Run the Pilar 1 LLM-KG pipeline on a (potentially large) corpus

Drives causal_llm_extract() over a JSONL corpus of abstracts (one JSON object with source + abstract per line) with resumable JSONL checkpointing and throttle / retry. The function is engineered for 10 000+ abstract runs that can take several hours to a day on a local Ollama instance.

Usage

llm_kg_pipeline_run(
  corpus_path,
  output_path,
  backend = c("ollama", "openai", "anthropic"),
  model = NULL,
  host = "http://localhost:11434",
  temperature = 0,
  timeout_sec = 120,
  max_retries = 3L,
  min_confidence = 0.5,
  verbose = TRUE,
  max_abstracts = NULL
)

Arguments

corpus_path: Character path to a JSONL file with one {"source": ..., "abstract": ...} object per line.
output_path: Character path to the JSONL claims output.
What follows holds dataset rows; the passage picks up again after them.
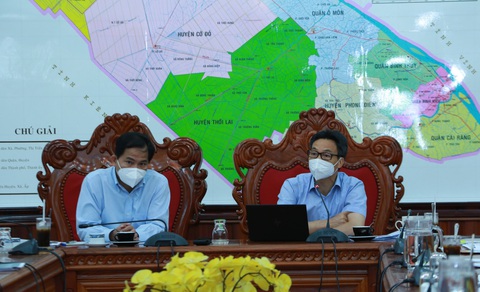 Thứ trưởng Bộ Y tế đề nghị Cần Thơ mạnh dạn nới lỏng các xã, ấp xanh trong ‘vùng đỏ’ - Ảnh 1. Thứ trưởng Bộ Y tế đề nghị Cần Thơ mạnh dạn nới lỏng các xã, ấp xanh trong ‘vùng đỏ’ - Ảnh 1.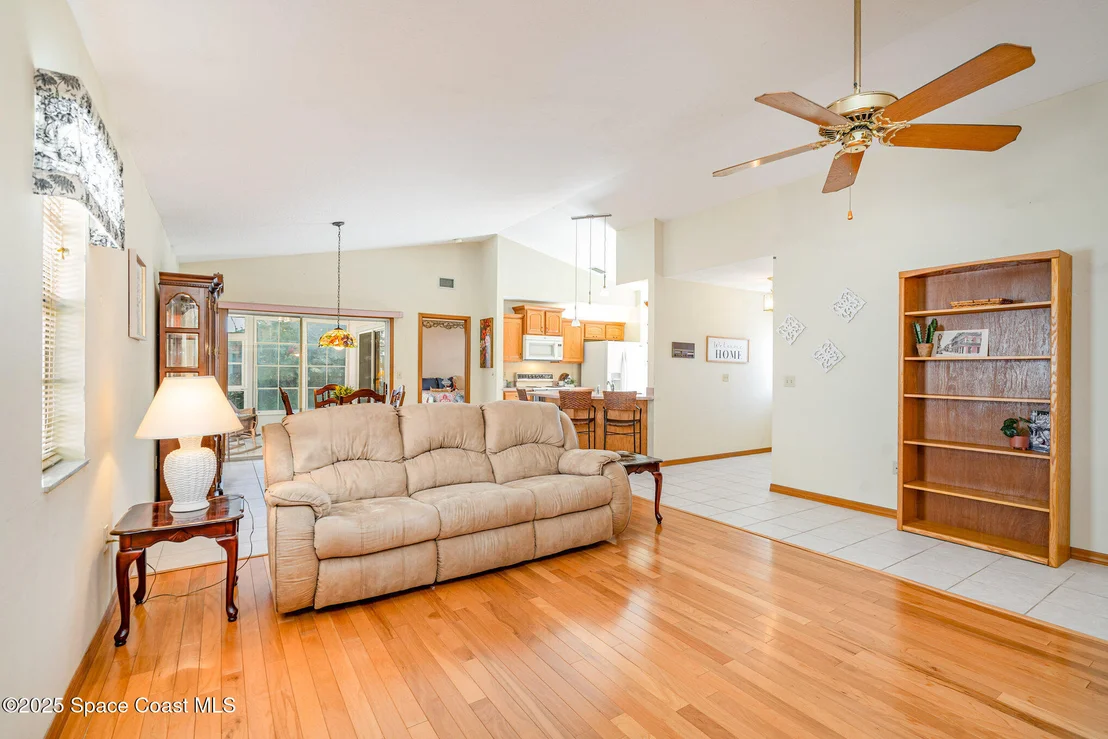 Photo of 955 S South Fork Circle
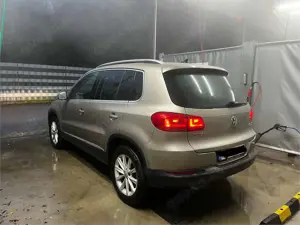 Volkswagen Tiguan Tiguan 2.0 TDI 4Motion BlueMotion Techn. DSG Sport Bild 5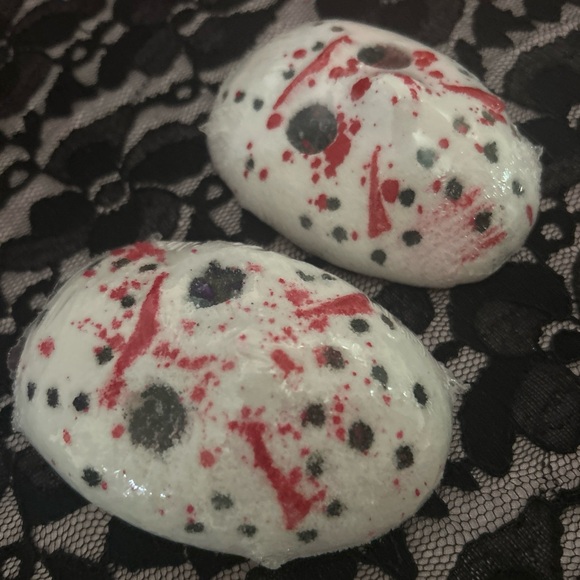 Michael Myers Mask Bath Bomb - Picture 3 of 8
Created on first run; appended on resume.
backend: One of "ollama", "openai", "anthropic".
model: LLM model identifier; defaults to backend-appropriate.
host: Ollama HTTP host (ignored for hosted backends).
temperature: Numeric; LLM sampling temperature. Default 0.
timeout_sec: Numeric; per-call HTTP timeout. Default 120.
max_retries: Integer; transient-error retry budget. Default 3L.
min_confidence: Numeric; claims below this confidence are discarded. Default 0.5.
verbose: Logical; emit progress messages. Default TRUE.
max_abstracts: Optional integer; for testing, cap the run.

Value

Invisibly, a list with n_processed, n_skipped, n_errors, and the final kg object.

Resumability

On every successful per-abstract extraction, claims are appended to output_path and the source identifier is appended to output_path.done. When llm_kg_pipeline_run() is restarted on the same output_path, abstracts whose source is already in the .done file are skipped automatically. This makes the pipeline safe under arbitrary process kills, network drops, or Ollama restarts.

Throttle / retry

Transient errors (HTTP 5xx, timeouts, JSON parse failures) are retried up to max_retries times with exponential back-off (1s, 2s, 4s, ...). Persistent errors are logged to output_path.errors and skipped without halting the run.